Oh well this kind of thing I could probably grow. Like, I seem to do fine with dandelions and bindweed.
I have planted these in the past. They are one of my failures. Black thumb. I agree, they’re neat. :o
Four o’clocks sound good. I had a neighbor who had some, growing essentially wild on one side of her house. She did nothing to them except to tie them back so she could walk down her sidewalk on that side. Hm…
Aha, I think salvia is that purple thing I mentioned that is growing as if wild in untended places. Good to know.
If I had the money I would definitely hire a landscape designer, and then someone responsible to make sure I didn’t kill them.
Mm, honeysuckle. But I think my area might be too narrow. It is about six feet, but right in the middle is a walkway. But there is something it could climb on–a fence–if it didn’t get too bushy.
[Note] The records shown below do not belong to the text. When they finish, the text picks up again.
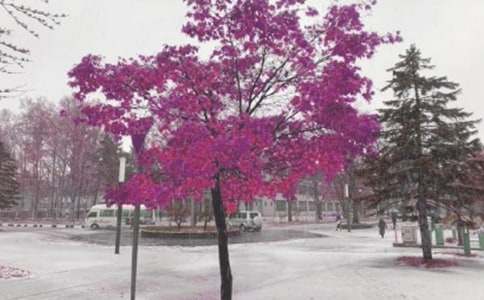 ���ֽ��^�L(f��ng)ѩɽ��R���x��з���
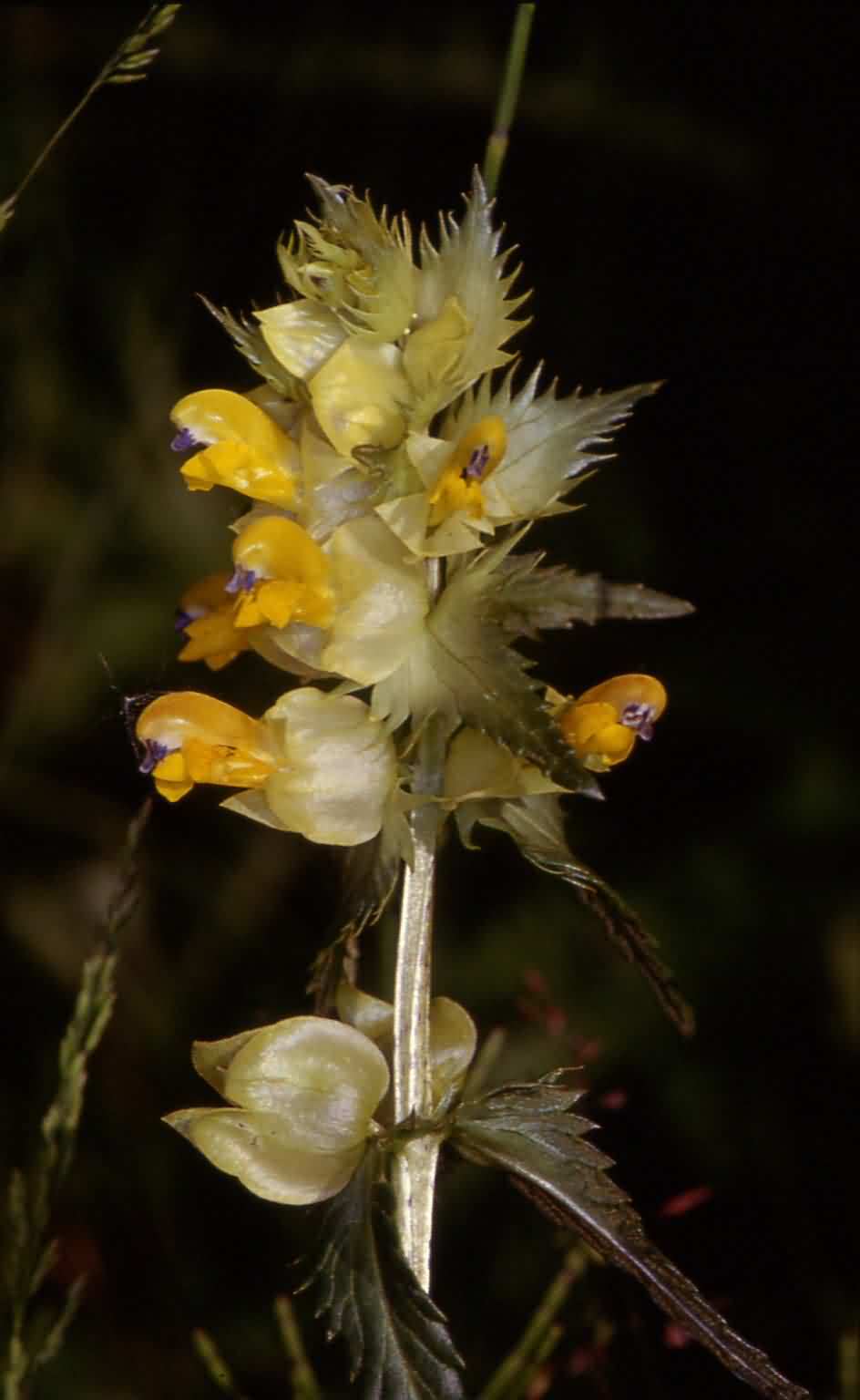 Rhinanthus angustifolius 2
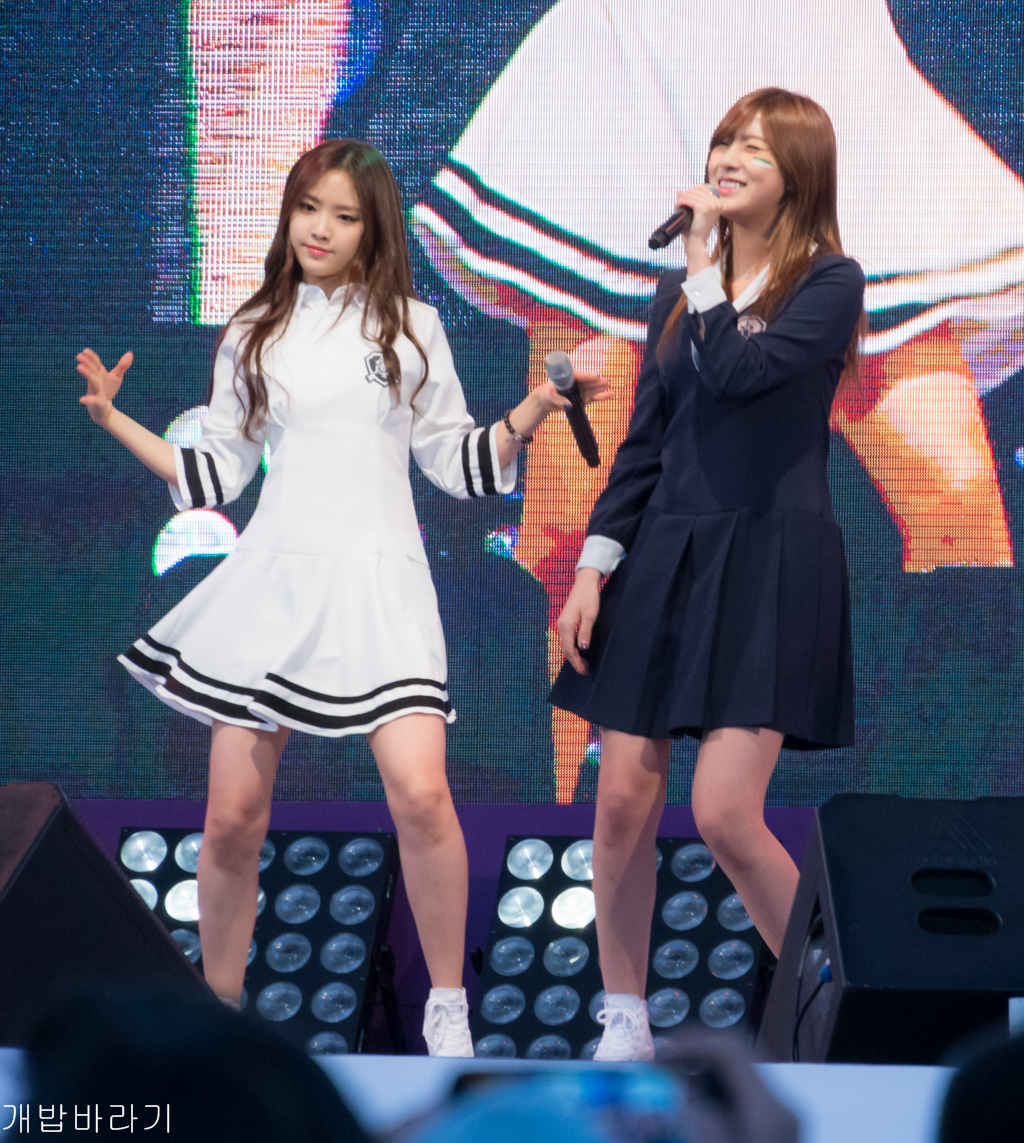 에이핑크(Apink) 직찍 - 141109 기아 소하리 행복충전 음악축제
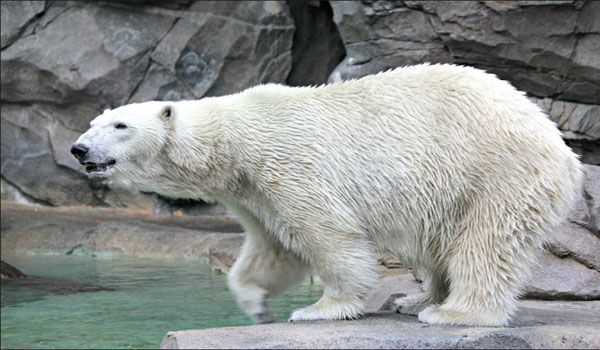 Berit's Big Day Off: Social media spots the polar bear around Cincy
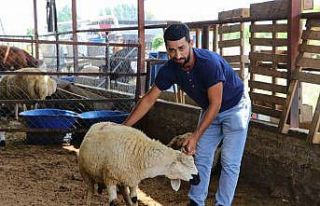 Adana’da kurban pazarları kurulmaya başladı,...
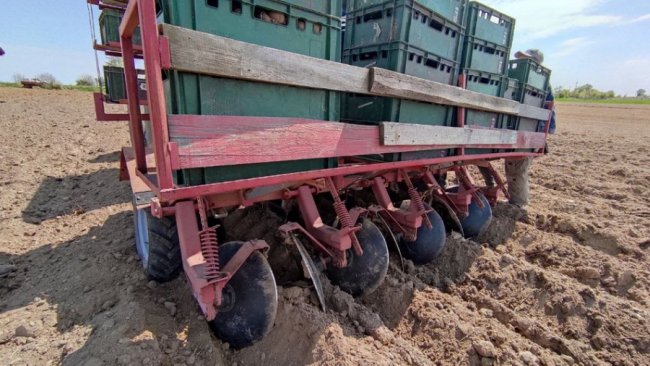 На Волині садять картоплю від волонтерів з Франції. ФОТО. ВІДЕО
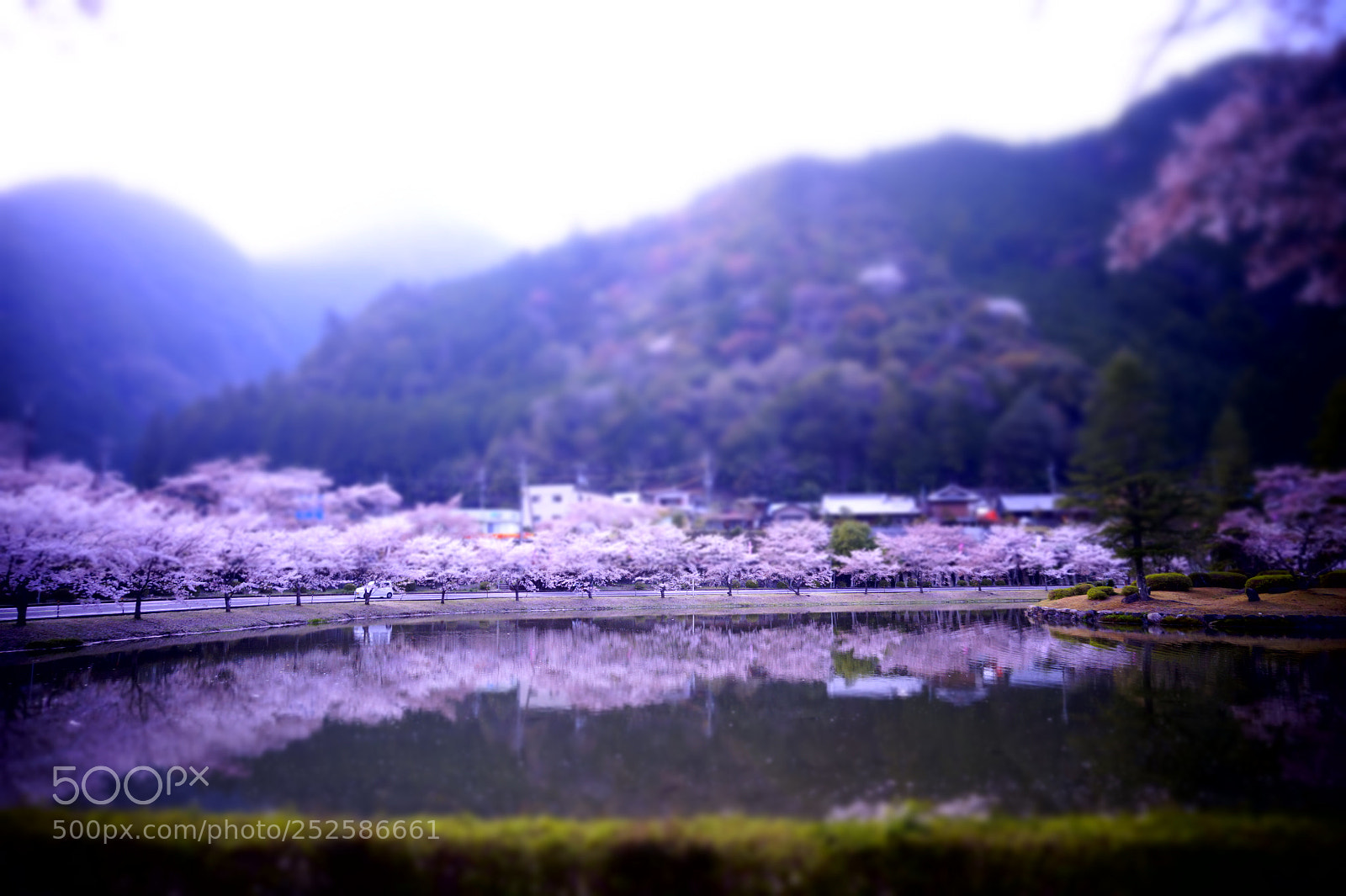 Sony Alpha a5000 (ILCE 5000) sample photo. 桜。 photography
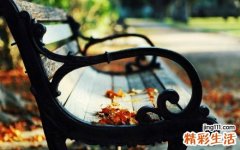 5 缺铁性贫血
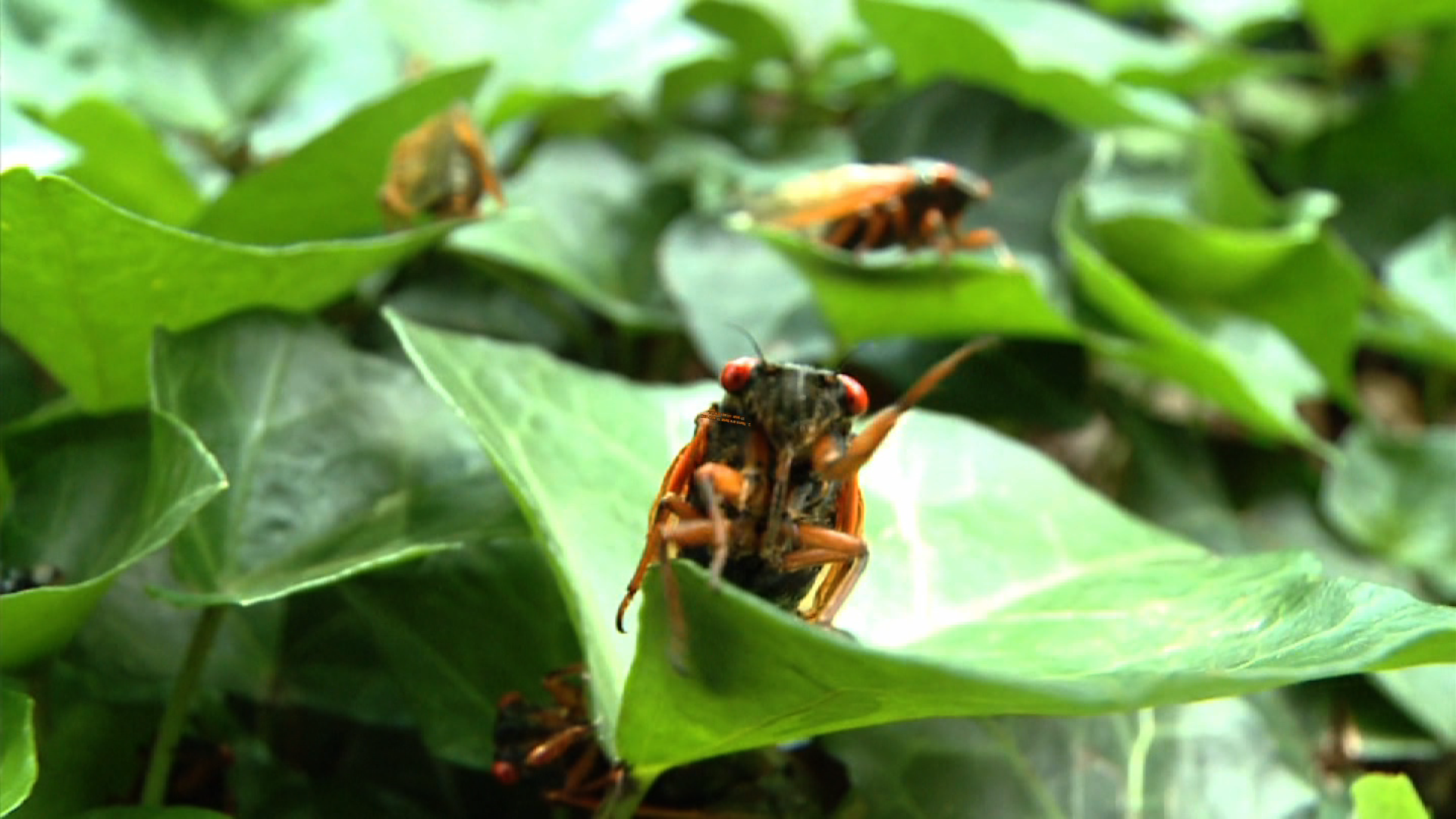Vanderbilt University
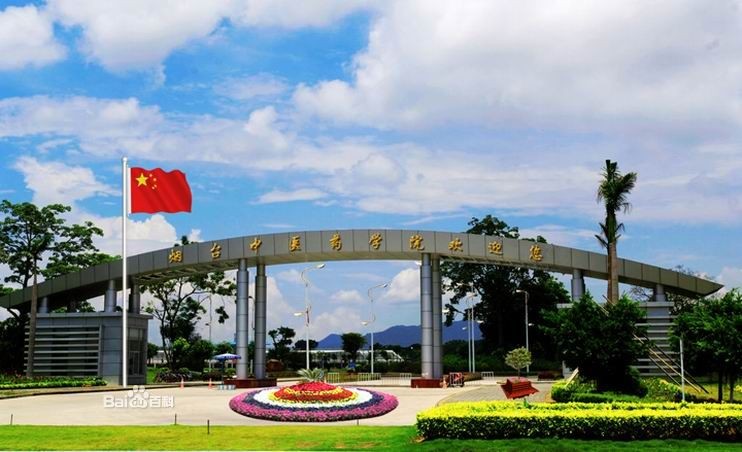 学院 (  a target="_blank" href="/item/烟台中医药学院/1539620"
I have tried ice plant, and it did okay for one year but did not come back. (I don’t even know if it was supposed to come back, but I thought it would. But no.) The Russian sage, I think did not get enough sunlight.
I have failed with Russian sage, and I had some lilies at one time but they also disappeared.
I probably should mention that my soil could be used to pave a tennis court. Or make pots out of. I have tried to mix in potting soil. But then the instructions on my dahlia said to use garden soil, not potting soil.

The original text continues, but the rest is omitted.